Power herself, it seems, prefers the company of those lesser minded but better endowed with backgrounds of privilege and pride. To excel, one must court her highness with gifts and flattering words. That these words are disingenuous? Matters not.

And it has always been so.

Unfailingly brilliant, Michelangelo was met with incessant criticism from those whose knowledge of art and architecture was as absent and inept as their churches were rigid and ostentatious.

We see it in his self depictions as Nicodemus. In possession of a then-illegal copy of Scripture, Michelangelo identified with the man who visited Jesus by night - the man who feared being found on his pilgrimage. Michelangelo knew what he believed. But, like Nicodemus, he could not be discovered professing it in daylight.

Forward thinking, it seems, has always fallen victim - at least in the short - to the staunch establishment.

Rather than embrace the enlightenment, we continue to insist on the comfort found in the pitch of The Dark Ages.

So what exactly am I saying? Do I stand here, a Michelangelo among the masses, condemning you for your inferiority to my unheralded brilliance?

The thought beings me a silly smile.

For I am no Michelangelo. I have no great skill or divine insight. I bear only the benefit of being able to witness the Michelangelos of our times. Those men and women who continue to struggle against The Establishment. Those friends whose thoughts, feelings, and natural inclinations so threaten Power as to elicit immediate stifling by way of The Pigeonhole.

My most brilliant and capable friends...those who are able to find work...are placed in positions far below their capabilities. Forced to toil over menial tasks and piss away potential via Pinterest or Spotify, my friends languish at the entry-level, while management/the status quo are "promoted to a level of incompetence."

As a six-year-old version of me would whine, "It's not fair."

Existing in an Era of Entitlement, one could easily claim that I am among those youth who expect the world to be handed over, silver spoon and all, that I might gorge myself while the proverbial African children continue to starve.

My friends, make no mistake - it's not that I don't appreciate my green beans.

But to call myself and my friends entitled is to completely discredit the hardships we've faced in our efforts to swim upstream. And, while I know of the personal struggles of those of whom I speak, I am only at liberty to expose my own personal struggles, which, I assure you, are not mine alone to bear.

The past four years have graced me with the loss of full-time employment, the loss of my home and the subsequent compounding of debt which could not and cannot be overcome by the acceptance of a litany of part-time jobs (the only ones offered me).

Again, on the threshold of my Master's, I openly admit that student loans are presently keeping me afloat. My car has not been serviced in years - which is also about the last time I saw a doctor or dentist.

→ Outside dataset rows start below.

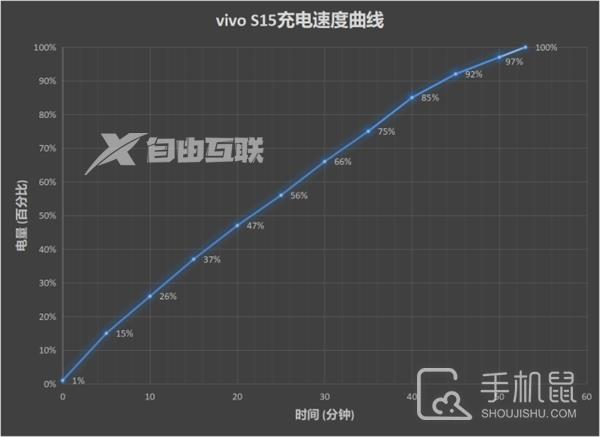 vivo S15怎么更新OriginOS 3插图9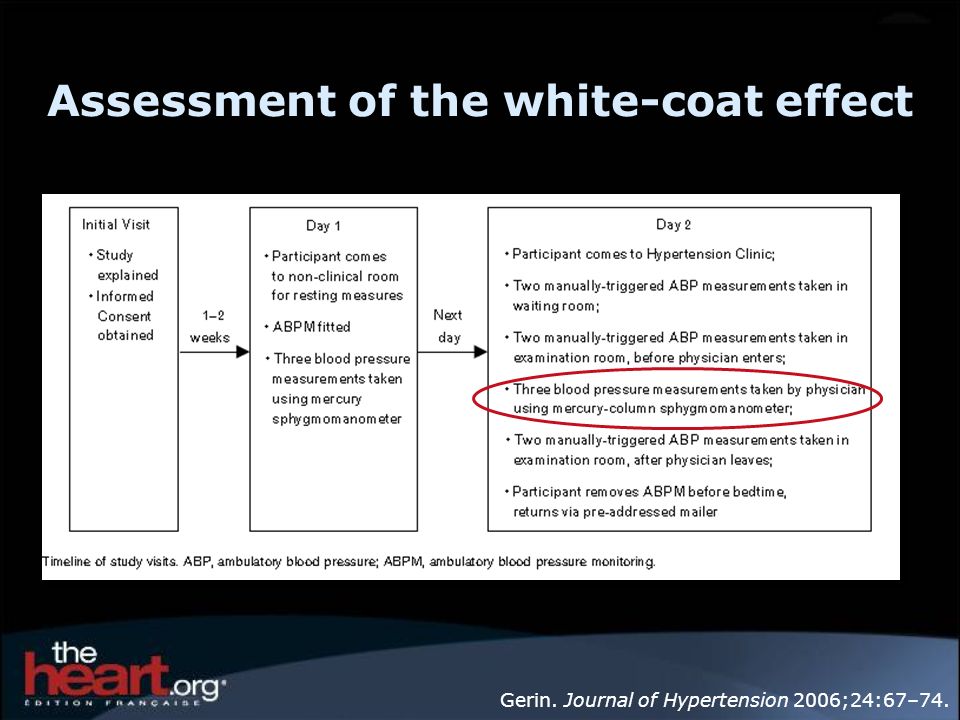 Assessment of the white-coat effect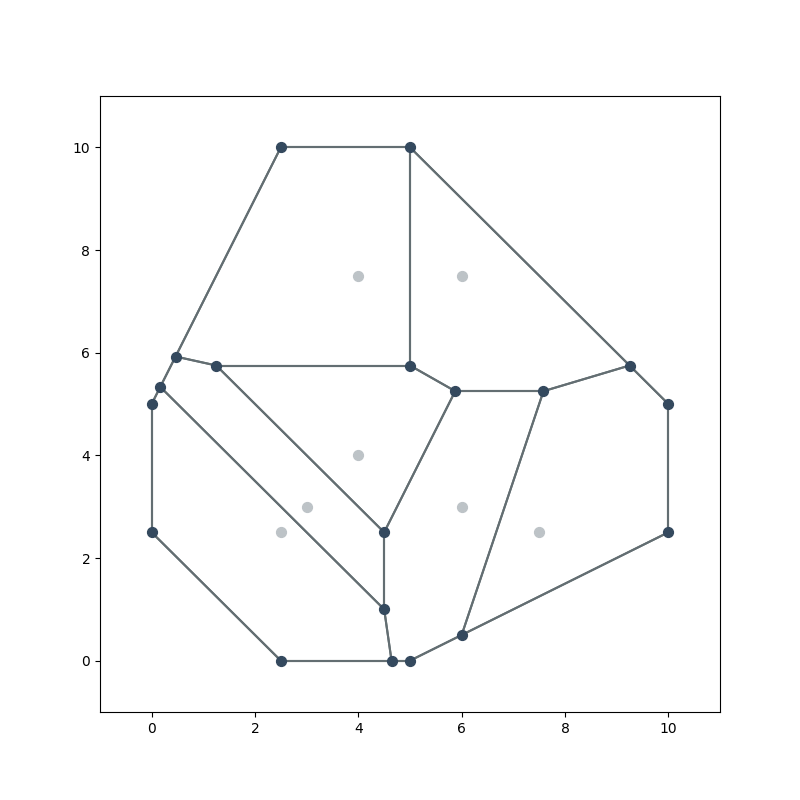 Voronoi diagram result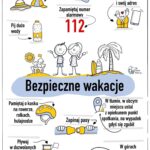bezpieczeństwo podczas wakacji rady strategie zapobiegawcze
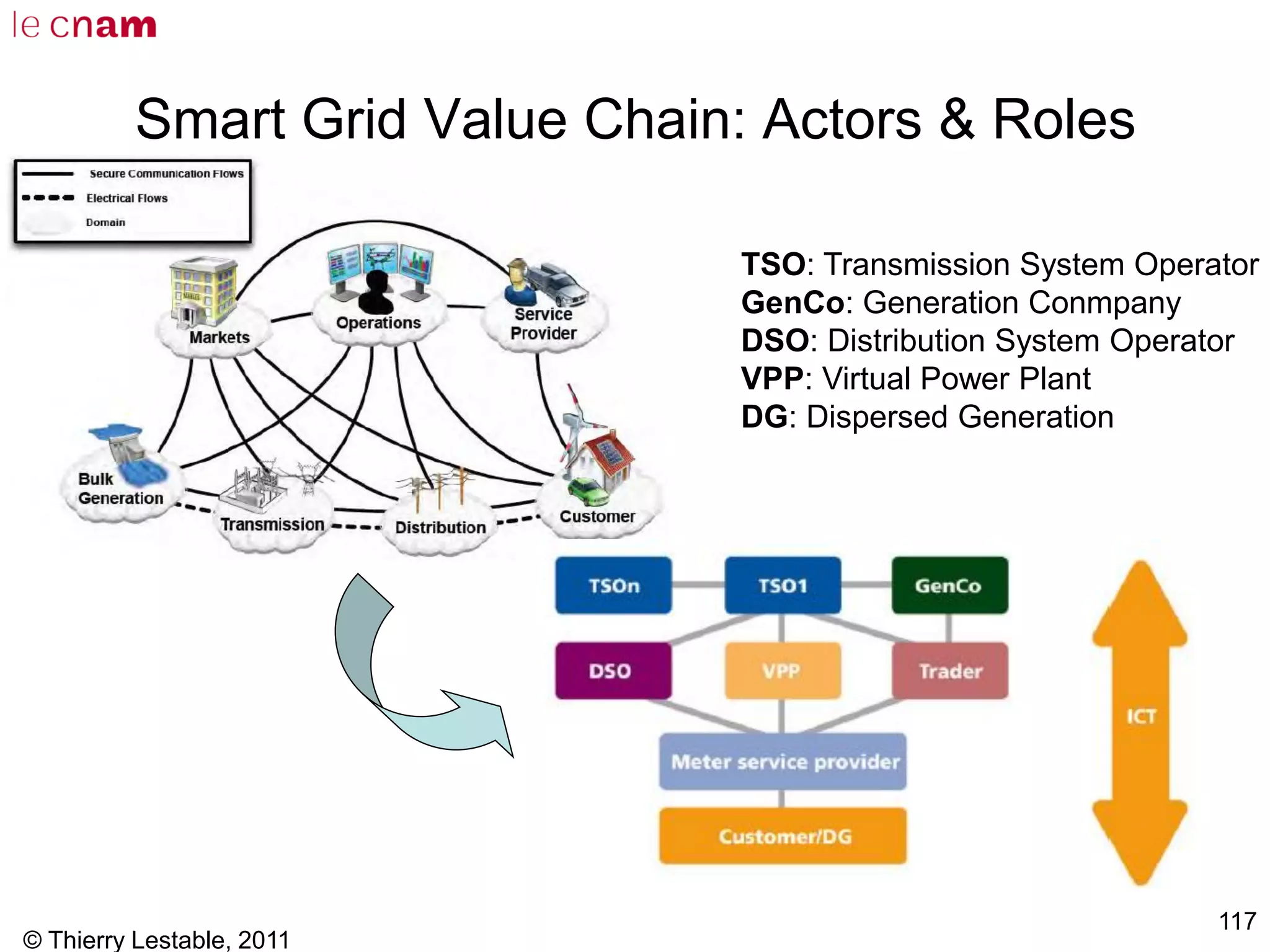 © Thierry Lestable, 2011
117
Smart Grid Value Chain: Actors & Roles
TSO: Transmission System Operator
GenCo: Generation Conmpany
DSO: Distribution System Operator
VPP: Virtual Power Plant
DG: Dispersed Generation
 
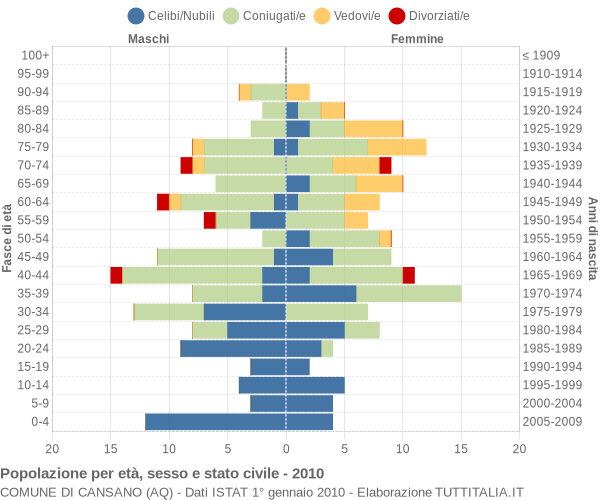 Grafico Popolazione per età, sesso e stato civile Comune di Cansano (AQ)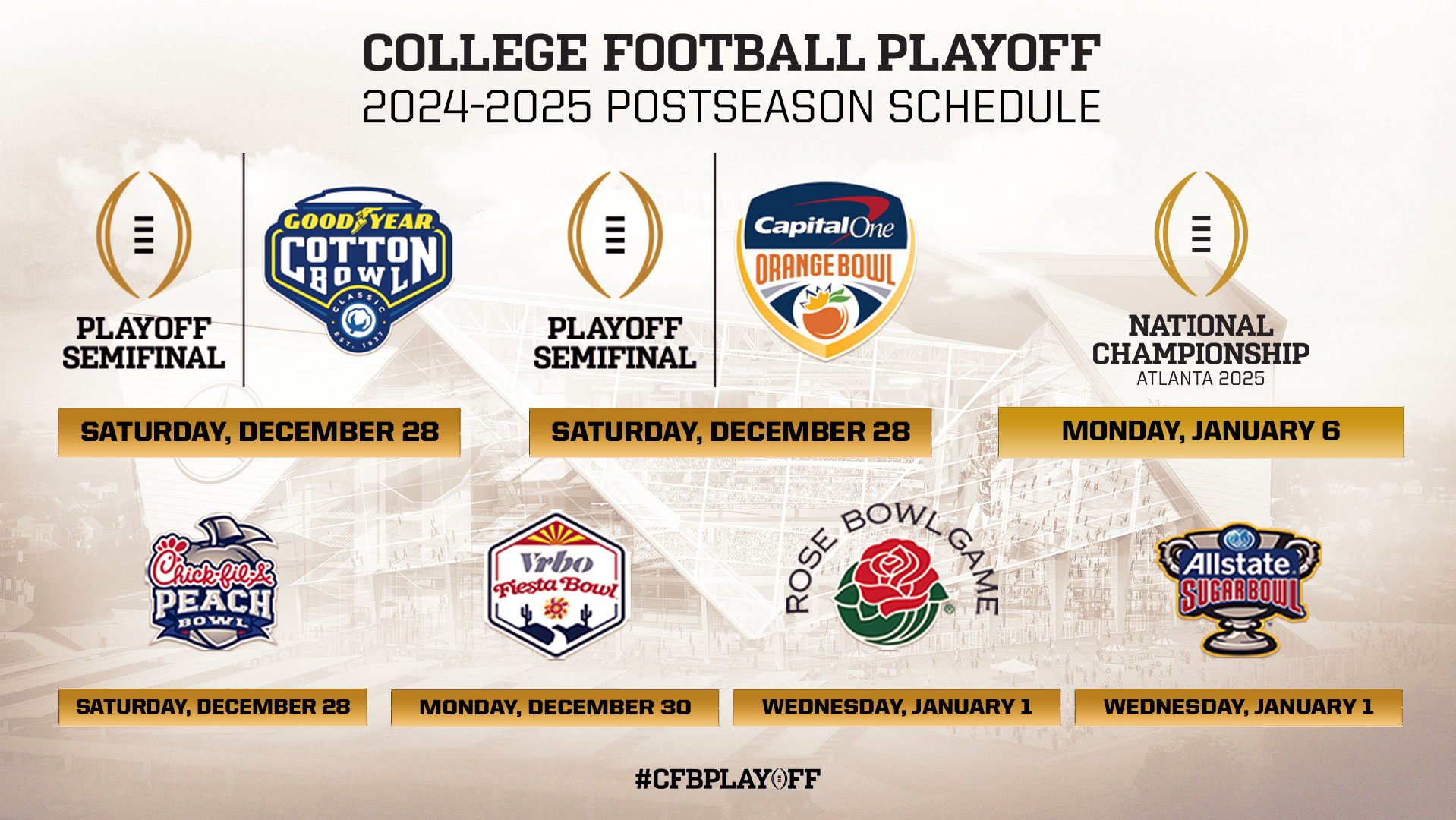New 12-team College Football Playoff schedule unveiled for 2024, 2025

Without health insurance, (not offered at part-time jobs) I cannot afford it.

I type this on a computer given to me countless years ago by my brother.

My rent next month may be paid by my father.

But the resumes I have in circulation? Countless.

A Dean's List Scholar and former journalist, one would think my qualifications would make me a desirable hire. But I am told more often than not that I am an intellectual threat.

"You are overqualified."

"Yes. And I am also broke. Please just let me answer your phones."

And still, I know I have it better than some.

Those starving children in Africa? Yes, I know. I know. I haven't forgotten about them...

Like so many of my generation, Iw as raised to believe that "This is America, the land of opportunity" and that, if I just work hard enough, I will succeed.

But, dear friends, I have been working hard.

And if you are truly my friends, I know you have been too.

So I suppose there's just one thing to do: keep spinning our wheels until we burn out...and then join the others as we exhaustedly float downstream.

Or become the modern Michelangelos.

But then again, even Michelangelo relented to the power of the Papacy.

1 comment:

  1. So freaking true. Your words are a melancholy tuning fork ringing against the bedrock of modern America.